4. Specify Your Talents
Tweak your resume a little for each different job you apply to. Add specific skills and experiences that are relevant to each particular position. One-size-fits-all does not work when it comes to applying for a job. Each available position is looking for a unique skill set.
5. Social Media
Keep your social media accounts, Blog posts, web sites and web presence in proper order. Update your LinkedIn profile to represent the skills needed for the jobs that you are applying for. Keep your information up-to-date. Remove any posts or photos from Twitter and Facebook that could be considered offensive. This may include political discussions, posts about controversial issues or anything that could throw a warning flag to potential employers. If you need to, hide social media content from public view.

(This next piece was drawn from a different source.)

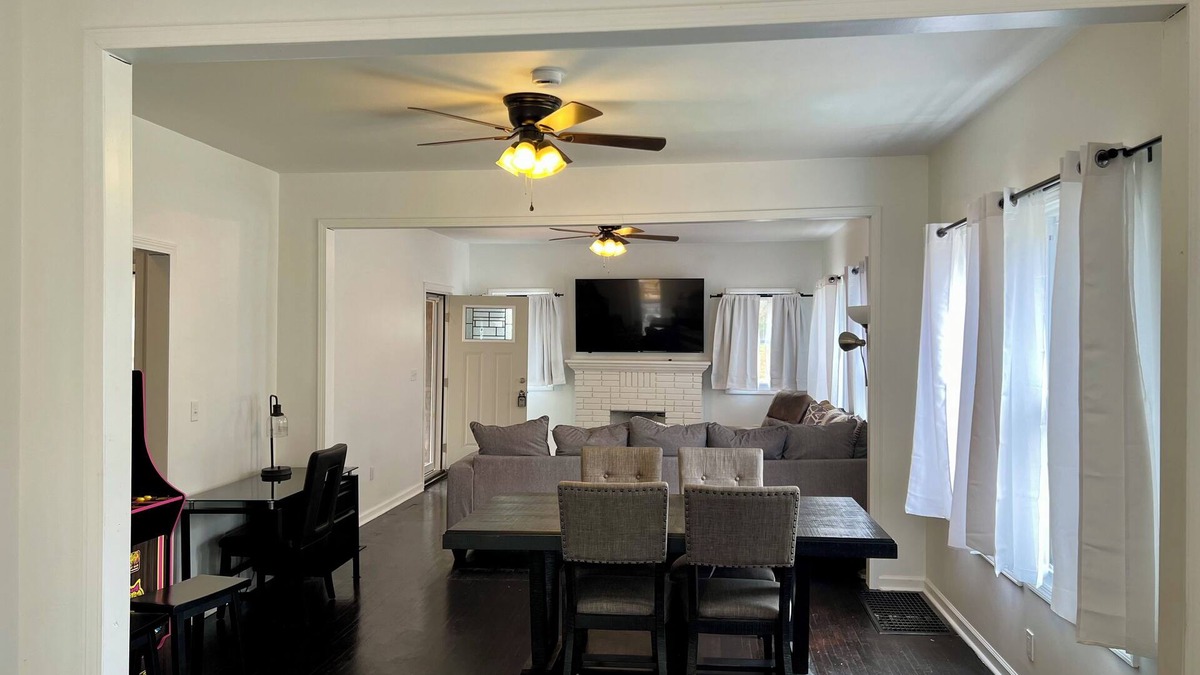 Birmingham House | 5 minutes to downtown. Family home with Wi-Fi, deck, and large backyard.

You can be guaranteed that potential employers will Google search your name before hiring you.
6. The Right Amount of Simple
Don’t confuse your prospective employers with too much information. The work history you list on your resume should be short and powerful. Summarizing your last three jobs should be enough to present a clear and pithy picture of your job experience.
7. Dress For Success
A good rule of thumb is to dress for a position a few levels above the one that you’re applying for. Your clothing says a lot about the kind of person you are and first impressions are very important. A sharp, meticulous outfit is often a sign of a sharp, meticulous mind.
8. Go The Extra Mile
If it’s been awhile since your last job, list a few extra-curricular activities on your resume. This shows you are a reliable self-starter with good internal motivation.
9. You Are the Best You
Many employers have a sixth sense for authenticity. You can tell when someone is acting fake or following a script, and so can they. Honest, thoughtful answers are the best answers. Don’t be afraid to add a personal touch to your resume.
10. Your Network Has Power
Stay open to unexpected networking opportunities. Industry events, dinners, parties and even online forums can be great opportunities to meet and exchange emails with other professionals in your area of expertise.
Your prospective employers may ask you about your previous jobs as a way to gauge your general attitude toward life. If you sound bitter toward your previous employers, they may label you as a negative person. If you were fired from a job in the past, be honest with why you were fired. Don’t simply blame it on your past employer and explain what you learned from the experience.
12. References Are Gold
Other people speaking well of you is usually more powerful than you speaking well of yourself. Ask previous coworkers that you got along with if you can use them as references. Try to compile a solid list of experts in your field who are happy to say nice things about you.